_WHAT YOU ARE ASKED TO DO_:
The reply should hold only the lines from the one with "4’7 x 7’8 Turkish" to the one with "Dining Room, White", both ends kept, exactly as they appear below, without any pictures.

_THE DATA_:

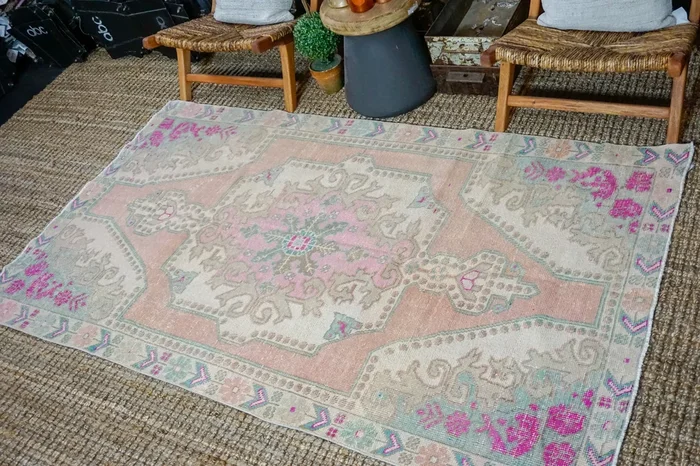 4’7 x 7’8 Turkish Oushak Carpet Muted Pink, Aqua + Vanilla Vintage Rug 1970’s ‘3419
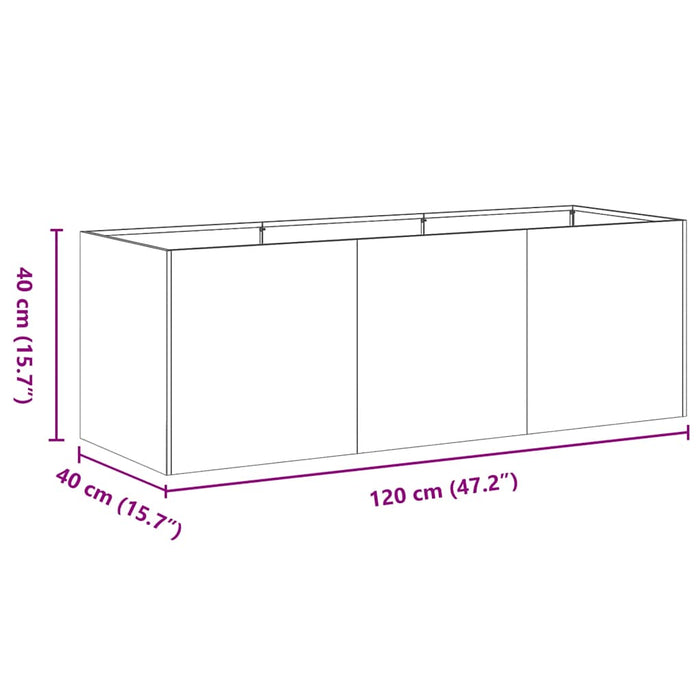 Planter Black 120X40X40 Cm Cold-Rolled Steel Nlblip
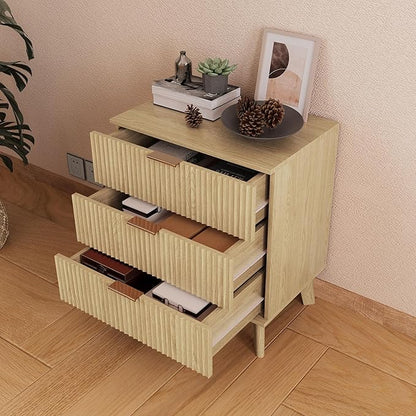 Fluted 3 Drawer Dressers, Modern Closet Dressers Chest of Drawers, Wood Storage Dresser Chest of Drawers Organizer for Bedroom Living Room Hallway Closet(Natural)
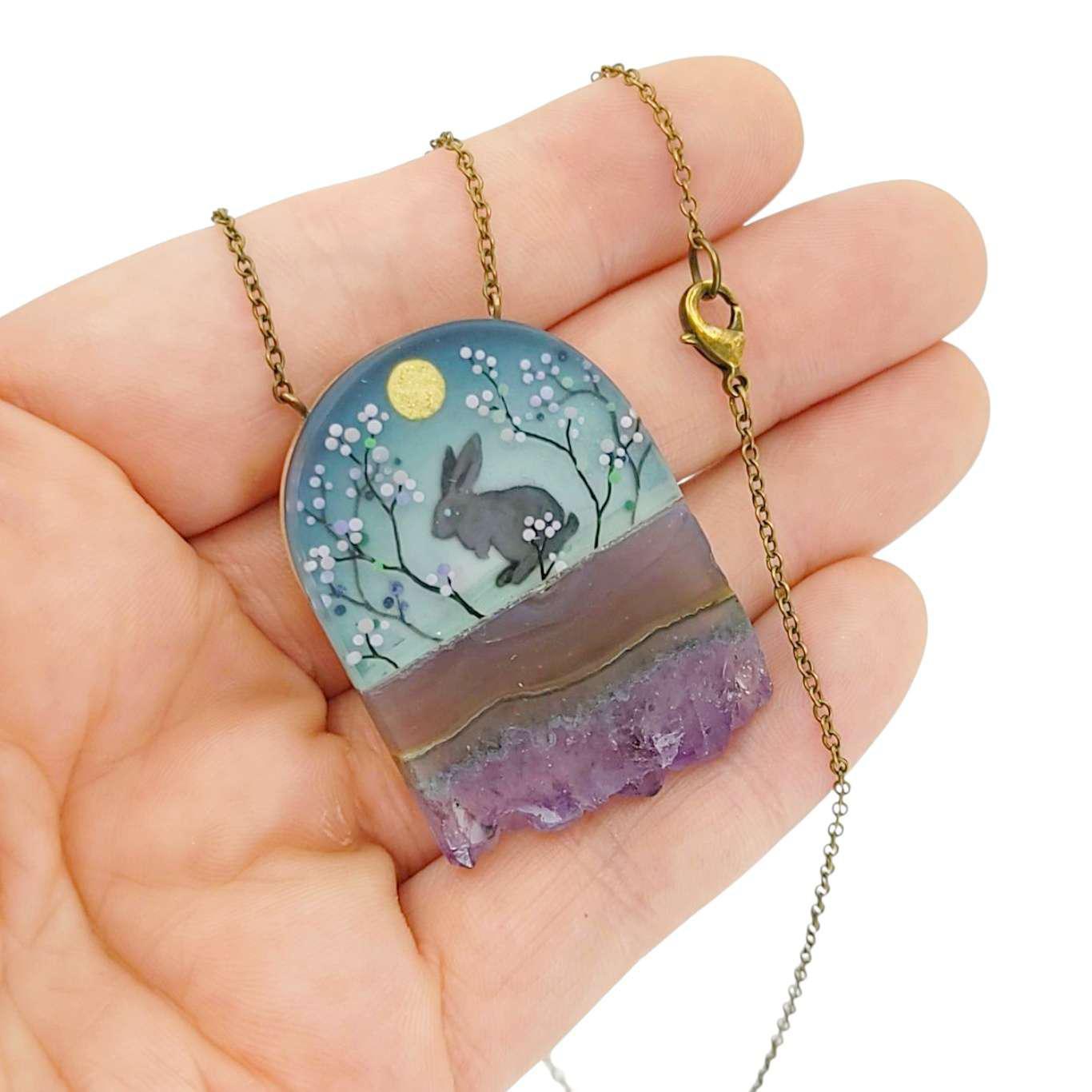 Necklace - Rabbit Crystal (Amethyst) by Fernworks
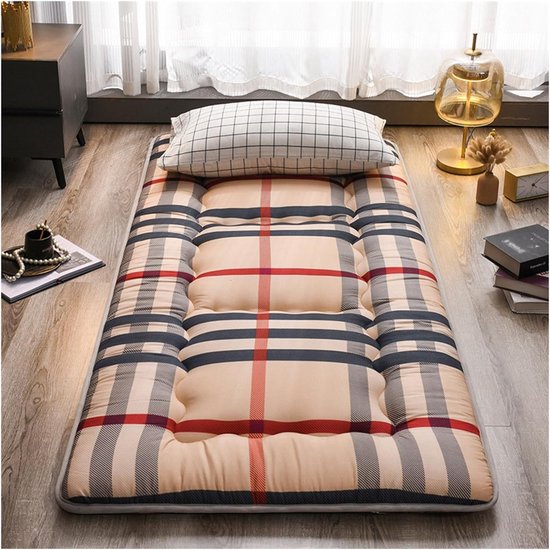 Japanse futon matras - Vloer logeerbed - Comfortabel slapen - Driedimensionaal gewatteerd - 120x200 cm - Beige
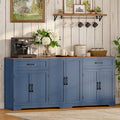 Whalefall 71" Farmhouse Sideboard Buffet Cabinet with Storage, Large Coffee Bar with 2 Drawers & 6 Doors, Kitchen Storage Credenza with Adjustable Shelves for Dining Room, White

==

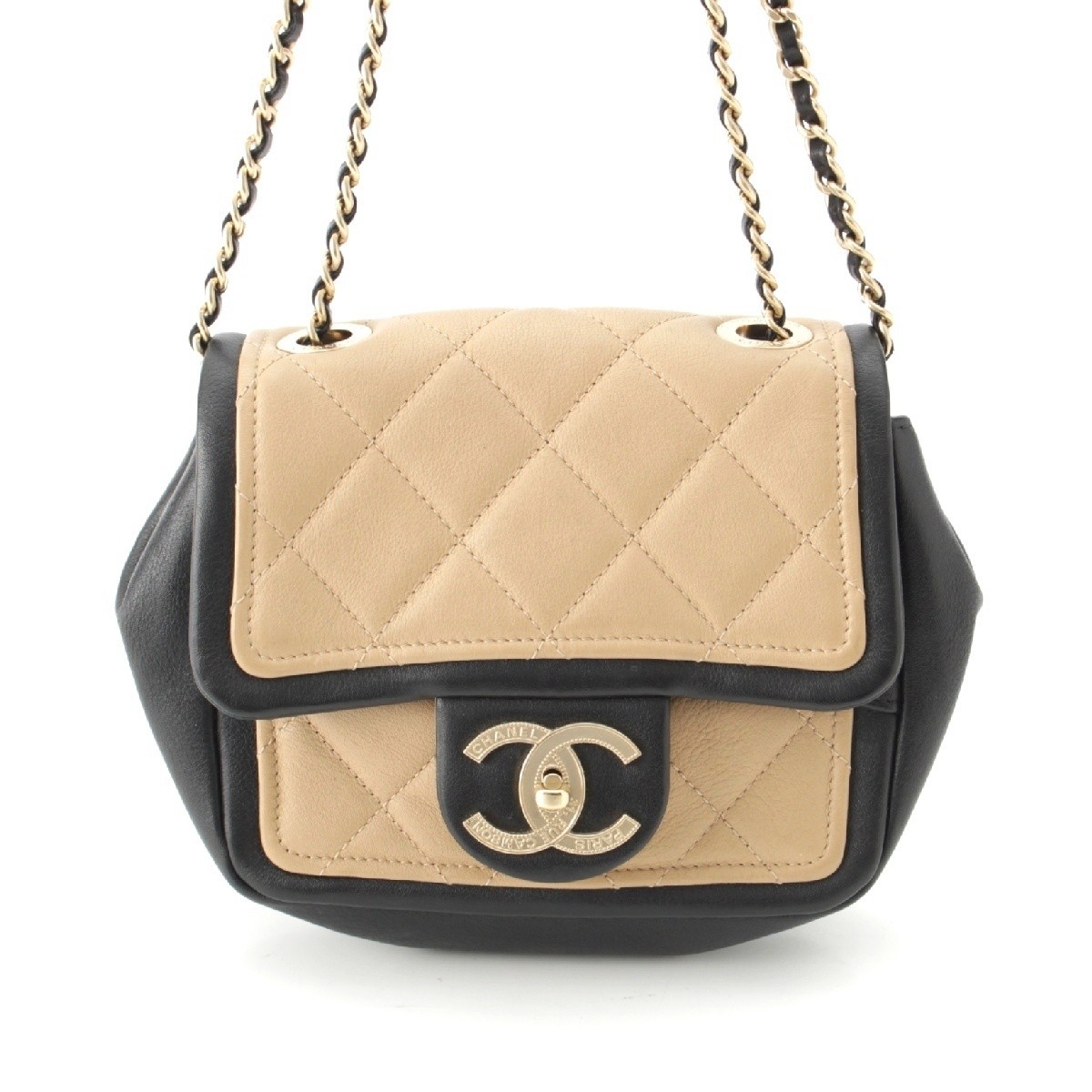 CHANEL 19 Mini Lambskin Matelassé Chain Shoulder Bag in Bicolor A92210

_SOLUTION TO THE EXERCISE_:
 4’7 x 7’8 Turkish Oushak Carpet Muted Pink, Aqua + Vanilla Vintage Rug 1970’s ‘3419
 Planter Black 120X40X40 Cm Cold-Rolled Steel Nlblip
 Fluted 3 Drawer Dressers, Modern Closet Dressers Chest of Drawers, Wood Storage Dresser Chest of Drawers Organizer for Bedroom Living Room Hallway Closet(Natural)
 Necklace - Rabbit Crystal (Amethyst) by Fernworks
 Japanse futon matras - Vloer logeerbed - Comfortabel slapen - Driedimensionaal gewatteerd - 120x200 cm - Beige
 Whalefall 71" Farmhouse Sideboard Buffet Cabinet with Storage, Large Coffee Bar with 2 Drawers & 6 Doors, Kitchen Storage Credenza with Adjustable Shelves for Dining Room, White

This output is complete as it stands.